El centro Institute of Child Study Laboratory School, en Toronto, también sigue un enfoque lento. A sus doscientos alumnos, de edades comprendidas entre los cuatro y los doce años, se les enseña a aprender, comprender, buscar el conocimiento por sí mismos, libres de la obsesión con los exámenes, las calificaciones y los horarios de la escuela convencional. Sin embargo, cuando se someten a exámenes normales, sus calificaciones suelen ser muy altas. Muchos de esos estudiantes han obtenido becas en las principales universidades del mundo, lo cual respalda la creencia de Holt de que «la suprema ironía de la escuela lenta es que precisamente proporciona el alimento espiritual que los alumnos necesitan... Estos obtienen buenos resultados en los exámenes. Con el éxito sucede lo mismo que con la felicidad, es mejor buscarlo de una manera oblicua». Aunque la Laboratory School está en activo desde 1926, su carácter distintivo es ahora más popular que nunca. Pese a que la matrícula anual es de siete mil dólares canadienses, más de mil niños están en lista de espera para ingresar en el centro.
En Japón están apareciendo academias experimentales para satisfacer la demanda de un enfoque de la enseñanza más relajado. Un ejemplo es Apple Tree, que un grupo de padres desesperados fundaron en la prefectura de Saitama, al lado de Tokio, en 1988. La filosofía de la escuela no podría estar más alejada de la disciplina marcial, la competencia extrema y la atmósfera de invernadero que caracterizan al aula corriente japonesa. Los alumnos entran y salen como les parece, muchos estudian lo que quieren cuando lo desean, y no hay exámenes. Aunque parece una receta para la anarquía, lo cierto es que este régimen tan relajado funciona bastante bien.
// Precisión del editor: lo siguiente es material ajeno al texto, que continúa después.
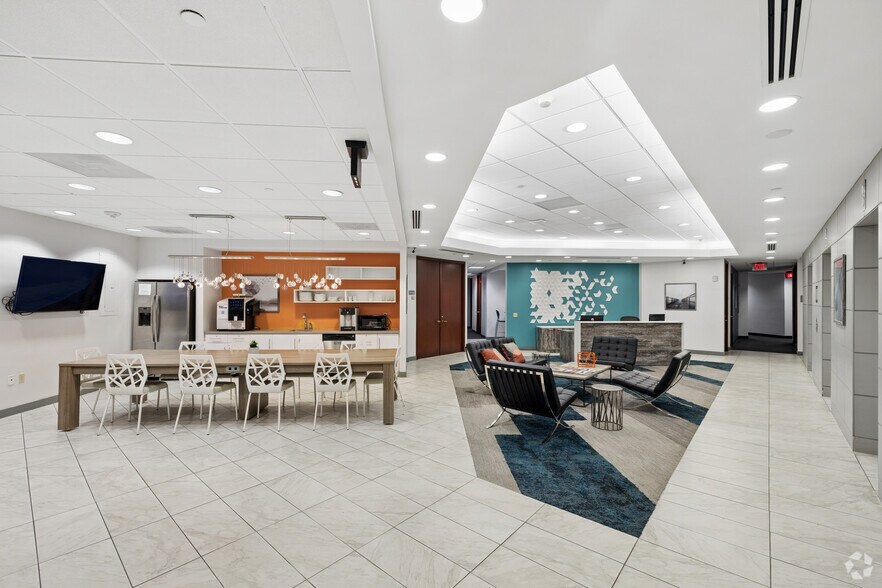 More Photos Of 1221 Brickell Ave, Miami Coworking Space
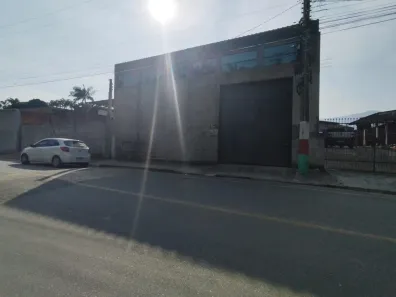 Galpão / Depósito / Armazém para alugar, 355m² no Rio Pequeno, Camboriú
Una tarde, recientemente, veinte alumnos de edades comprendidas entre los seis y los diecinueve años suben los desvencijados escalones de madera de la pequeña academia en un primer piso. Nada en su aspecto refleja rebeldía; algunos se han teñido el pelo de rubio, pero no lucen tatuajes ni piercings. A la manera japonesa, se descalzan y colocan pulcramente los zapatos en la entrada y entonces se arrodillan ante las mesitas bajas dispuestas en la habitación en forma de «L». Se ponen a trabajar y, de vez en cuando, un alumno se levanta para preparar té verde o hablar por el móvil. Por lo demás, todos trabajan con ahínco, escribiendo en sus cuadernos o comentando ideas con los profesores o sus condiscípulos.
Hiromi Koike, una angelical muchacha de diecisiete años con téjanos y gorra de dril, se me acerca para decirme por qué las escuelas como Apple Tree son un regalo del cielo. Incapaz de soportar la continua presión y el rápido ritmo de la educación tradicional japonesa, se quedaba rezagada y, en el recreo, era blanco de las pullas de sus compañeros más crueles. Cuando se negó en redondo a seguir yendo a la escuela, sus padres la matricularon en Apple Tree, donde ahora estudia para conseguir el título de bachiller superior, lo que le costará cuatro años en lugar de los tres habituales.
—En la escuela normal, siempre te presionan para que seas rápida, para hacerlo todo dentro de un límite de tiempo determinado —comenta—. Prefiero estudiar en Apple Tree porque aquí puedo controlar mi horario y aprender a mi ritmo. Aquí no es un delito ser lento.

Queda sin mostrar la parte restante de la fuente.